I was always strangely adverse to Disney Channel movies and shows as a kid. Some false sense of superiority, I suppose. After all, I had moved on to sophisticated adult fare like Click and You Me and Dupree when High School Musical first came out and took the world by storm. I’d cringe whenever one of my friends would start singing We’re All In This Together, wondering what the hell all the girls I liked saw in this Zack Efron guy anyway. I missed this entire cultural sensation, stripping a huge piece of my millennial nostalgia away. However, with this Friday’s release of Baywatch, Efron’s latest raunchy comedy, I’ve decided that it’s time to get my head in the game.
Thus, we begin my journey into the High School Musical trilogy with the one that started it all. I won’t even front, I enjoyed this silly thing a lot more than I expected too.
On paper, this is a rather bland story. Vanilla basketball boy meets shy math girl, they sing together, they fall in love. Blah Blah Blah. However, there’s actually a very charming amount of self-awareness here, with the film incorporating its cliched structure into the world it creates. East High is a strange place, borderline dystopian really. Every student has one thing that they can do and to break out of that is utter blasphemy. The sheer idea that basketball star Troy Bolton (Efron) would even consider auditioning for a musical is borderline blasphemous, sending the whole campus into a rumor fueled rage. I almost feel like Stick To The Status Quo isn’t just a spontaneous song and dance number, but East High’s fight song. Everybody here sticks to the stuff they know, save the whole “coming into your own” thing for college.
Troy might be the dopiest human male to ever walk the earth. He’s the captain of the basketball team because his dad is the coach.
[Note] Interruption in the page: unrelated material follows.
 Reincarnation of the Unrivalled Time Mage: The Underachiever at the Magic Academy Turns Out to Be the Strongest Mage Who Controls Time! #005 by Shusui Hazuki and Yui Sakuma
His “secret” hideout is on a rooftop atrium that’s in perfectly plain view. Hell, he even has two different singing voices. Seriously, whoever thought that Drew Seeley’s voice sounded right coming out of Efron’s mouth must have ears from another planet. Whenever Troy is singing, it’s like watching an American dub of a foreign film. All of this goofiness is perfectly matched with Gabriella (Vanessa Hudgens), who I’m fairly certain does not have a single personality trait beyond occasionally scanning math equations. Of course, these two fall in love. What else are they going to do?
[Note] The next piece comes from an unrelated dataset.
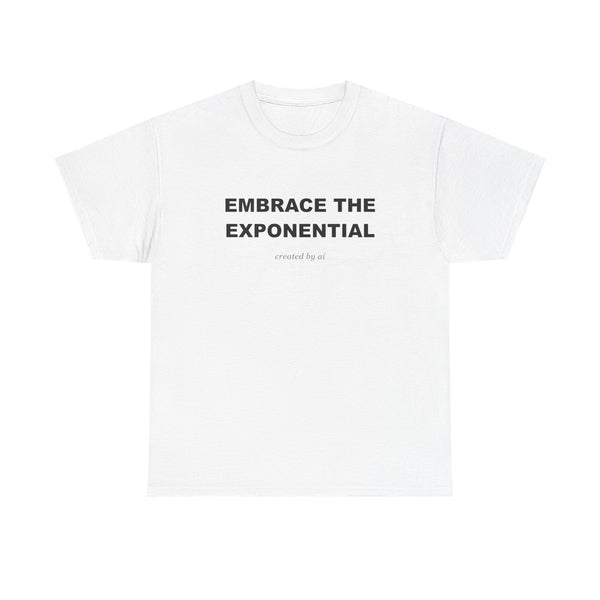 Embrace The Exponential — White Tee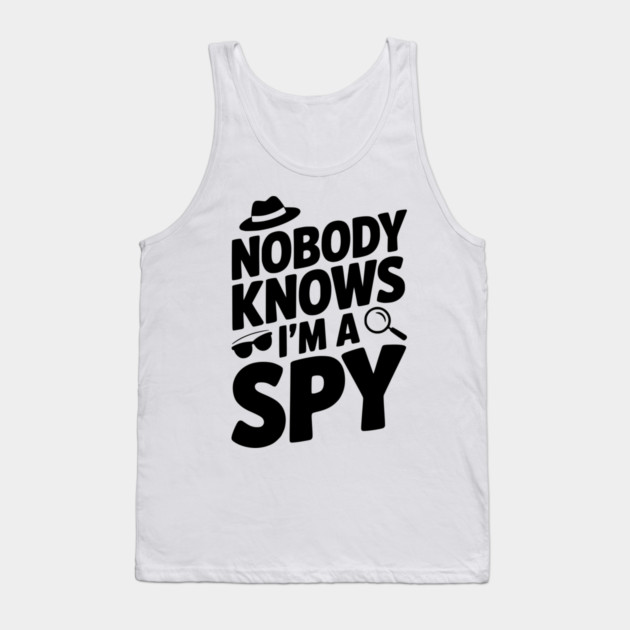 Nobody Knows I'm a Spy Tank Top by Frank Ring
I really need to meet whoever raised Sharpay and Ryan Evans (Ashley Tisdale and Lucas Grabeel). These two aren’t just overzealous theater kids, they’re basically pod people straight out of Stepford. They’re also quite a bit more talented than Troy and Gabriella, and truth be known, they probably should’ve gotten the roles. Meanwhile, I’m pretty sure that Chad (Corbin Bleu) has been brainwashed to believe that basketball is the only occupation a person can have on planet earth. You know that friend who can only talk about one thing and can navigate any other topic back to it, that’s Chad-y boy. Help me out next time, Chad. I want to know you.
Meanwhile, somebody needs to keep an eye on poor Zeke (Chris Warren). This poor kid just gets punked out throughout this entire movie. During Stick To The Status Quo, he reveals that he’s secretly become a baker and has perfected creme brulee, which absolutely nobody wants. Then, a mere ten minutes later, he’s literally told to evaporate by Sharpay just for asking her out. God forbid somebody gives Zeke a chance, I bet he’s a great cook. Hopefully, there is #justiceforzeke in the sequels.
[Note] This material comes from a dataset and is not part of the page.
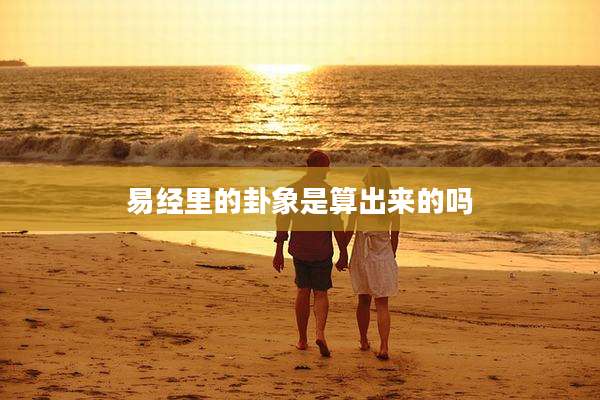 易经里的卦象是算出来的吗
The production value here goes from surprisingly well executed to hilariously awkward on a dime. I was actually rather impressed with the execution of Stick to the Status Quo and We’re All In This Together. They feel big like they were numbers out of Grease or something. However, then we have Get Your Head In The Game, which I’m convinced was choreographed on the day. It’s clear that whoever they have as the basketball team extras are not dancers, so they’re just jogging around awkwardly while Troy’s secret singing voice is belting. There are also scenes that don’t start or end right, particularly one moment in which the entire sequence is just Troy and Gabriella locking eyes and bobbing their bodies around to music that I’m pretty sure isn’t playing. My suspicion is that the sequels have more money behind them, which will perhaps lead to some more consistent numbers. Breaking Free is just a flat out solid song though, no joke.
I would never defend High School Musical as a good film but even as an adult, I had a lot of fun with it. It’s just so unapologetically earnest that it’s hard not to get wrapped up in the silliness and enjoy just how absurd it is. I’ve been told that the second one is absolutely bonkers, and I won’t lie, I’m so ready.